*** Opening of Data section ***

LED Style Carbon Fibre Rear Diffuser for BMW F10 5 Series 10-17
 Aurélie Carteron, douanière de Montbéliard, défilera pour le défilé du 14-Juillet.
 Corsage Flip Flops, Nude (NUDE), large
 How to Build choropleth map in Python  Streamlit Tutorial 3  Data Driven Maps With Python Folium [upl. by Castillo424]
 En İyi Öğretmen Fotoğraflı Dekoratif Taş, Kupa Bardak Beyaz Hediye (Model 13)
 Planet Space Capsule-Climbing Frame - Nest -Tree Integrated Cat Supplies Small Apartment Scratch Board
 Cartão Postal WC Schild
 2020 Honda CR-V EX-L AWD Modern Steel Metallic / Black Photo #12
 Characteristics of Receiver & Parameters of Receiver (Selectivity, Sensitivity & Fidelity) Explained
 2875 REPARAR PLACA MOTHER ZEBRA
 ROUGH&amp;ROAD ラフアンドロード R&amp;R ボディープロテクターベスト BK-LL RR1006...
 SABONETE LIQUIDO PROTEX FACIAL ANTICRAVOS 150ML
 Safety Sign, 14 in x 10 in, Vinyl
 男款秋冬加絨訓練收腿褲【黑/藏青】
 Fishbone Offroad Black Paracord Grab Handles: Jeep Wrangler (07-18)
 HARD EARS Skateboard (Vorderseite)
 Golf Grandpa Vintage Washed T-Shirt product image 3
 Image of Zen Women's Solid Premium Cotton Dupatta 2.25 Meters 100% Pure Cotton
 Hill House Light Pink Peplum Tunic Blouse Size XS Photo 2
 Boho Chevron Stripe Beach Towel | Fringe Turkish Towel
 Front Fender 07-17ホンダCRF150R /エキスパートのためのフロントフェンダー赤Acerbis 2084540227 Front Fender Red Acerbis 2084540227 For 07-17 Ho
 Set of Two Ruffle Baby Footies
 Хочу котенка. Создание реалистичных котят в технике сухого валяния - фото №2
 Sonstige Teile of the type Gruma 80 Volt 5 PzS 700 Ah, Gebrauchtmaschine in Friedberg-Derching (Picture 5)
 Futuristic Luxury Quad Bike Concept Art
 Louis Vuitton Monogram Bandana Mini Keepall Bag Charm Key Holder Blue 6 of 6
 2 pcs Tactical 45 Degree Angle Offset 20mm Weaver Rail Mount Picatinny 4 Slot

*** Close of Data section ***

** The task **
A complete and exact reproduction of the data is needed.

** Exercise output **
LED Style Carbon Fibre Rear Diffuser for BMW F10 5 Series 10-17
 Aurélie Carteron, douanière de Montbéliard, défilera pour le défilé du 14-Juillet.
 Corsage Flip Flops, Nude (NUDE), large
 How to Build choropleth map in Python  Streamlit Tutorial 3  Data Driven Maps With Python Folium [upl. by Castillo424]
 En İyi Öğretmen Fotoğraflı Dekoratif Taş, Kupa Bardak Beyaz Hediye (Model 13)
 Planet Space Capsule-Climbing Frame - Nest -Tree Integrated Cat Supplies Small Apartment Scratch Board
 Cartão Postal WC Schild
 2020 Honda CR-V EX-L AWD Modern Steel Metallic / Black Photo #12
 Characteristics of Receiver & Parameters of Receiver (Selectivity, Sensitivity & Fidelity) Explained
 2875 REPARAR PLACA MOTHER ZEBRA
 ROUGH&amp;ROAD ラフアンドロード R&amp;R ボディープロテクターベスト BK-LL RR1006...
 SABONETE LIQUIDO PROTEX FACIAL ANTICRAVOS 150ML
 Safety Sign, 14 in x 10 in, Vinyl
 男款秋冬加絨訓練收腿褲【黑/藏青】
 Fishbone Offroad Black Paracord Grab Handles: Jeep Wrangler (07-18)
 HARD EARS Skateboard (Vorderseite)
 Golf Grandpa Vintage Washed T-Shirt product image 3
 Image of Zen Women's Solid Premium Cotton Dupatta 2.25 Meters 100% Pure Cotton
 Hill House Light Pink Peplum Tunic Blouse Size XS Photo 2
 Boho Chevron Stripe Beach Towel | Fringe Turkish Towel
 Front Fender 07-17ホンダCRF150R /エキスパートのためのフロントフェンダー赤Acerbis 2084540227 Front Fender Red Acerbis 2084540227 For 07-17 Ho
 Set of Two Ruffle Baby Footies
 Хочу котенка. Создание реалистичных котят в технике сухого валяния - фото №2
 Sonstige Teile of the type Gruma 80 Volt 5 PzS 700 Ah, Gebrauchtmaschine in Friedberg-Derching (Picture 5)
 Futuristic Luxury Quad Bike Concept Art
 Louis Vuitton Monogram Bandana Mini Keepall Bag Charm Key Holder Blue 6 of 6
 2 pcs Tactical 45 Degree Angle Offset 20mm Weaver Rail Mount Picatinny 4 Slot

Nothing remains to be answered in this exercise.